Exercise objective> Excluding images, repeat the data exactly as given.

Data segment>
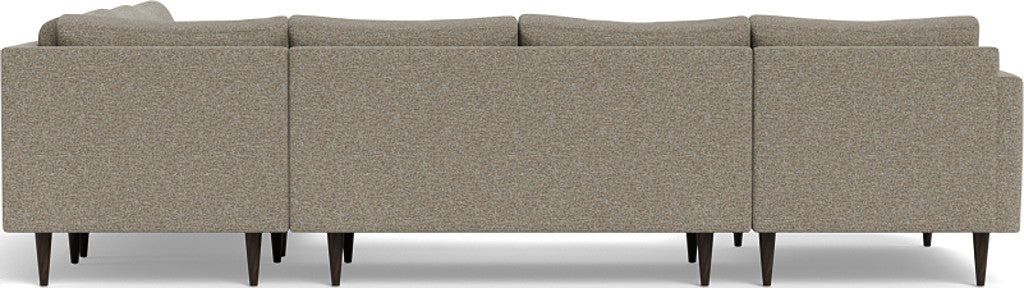 Wallace 130" Untufted Corner Sectionals w. Left Chaise - Cordova Eclipse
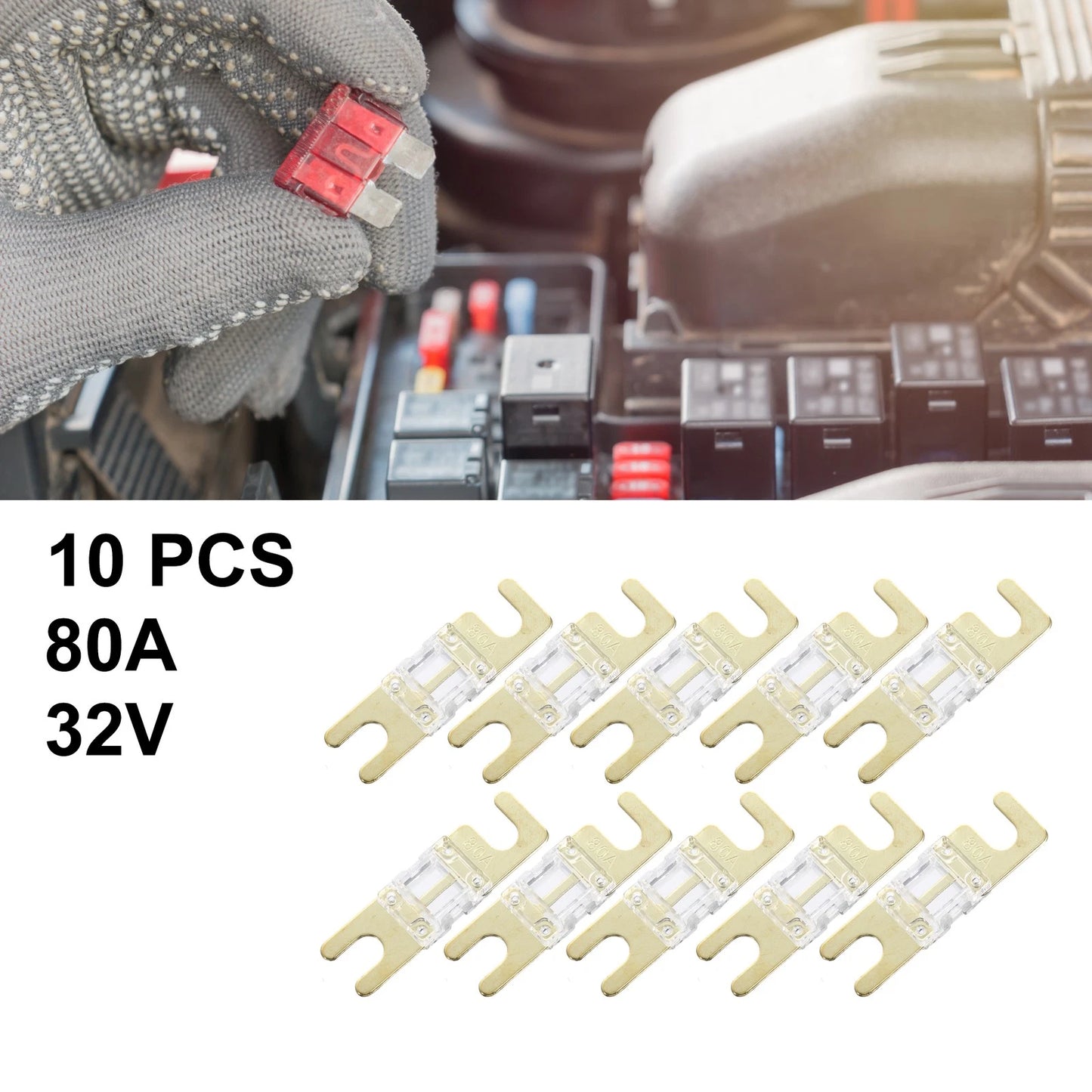 10pcs 80A AFS Mini ANL Fuse for Car Truck Motorcycle Boat Audio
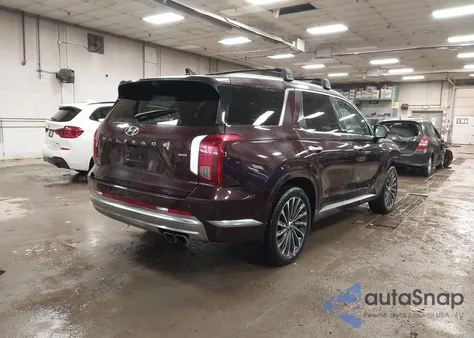 2023 Hyundai Palisade Calligraphy from USA, damaged, VIN KM8R7DGE2PU631875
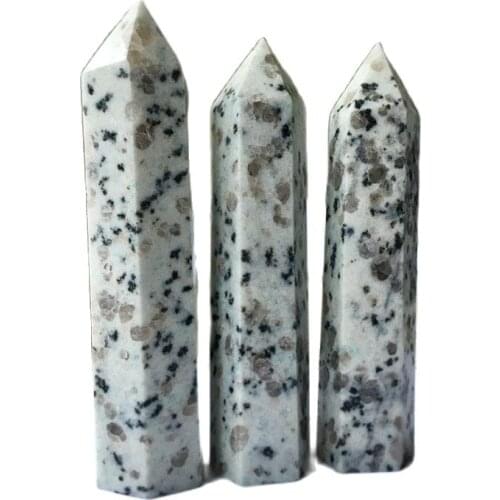 Natural white quartz crystal Tianshan Blue Jade Stone Point wand point reiki healing as gift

Your solution>
 Wallace 130" Untufted Corner Sectionals w. Left Chaise - Cordova Eclipse
 10pcs 80A AFS Mini ANL Fuse for Car Truck Motorcycle Boat Audio
 2023 Hyundai Palisade Calligraphy from USA, damaged, VIN KM8R7DGE2PU631875
 Natural white quartz crystal Tianshan Blue Jade Stone Point wand point reiki healing as gift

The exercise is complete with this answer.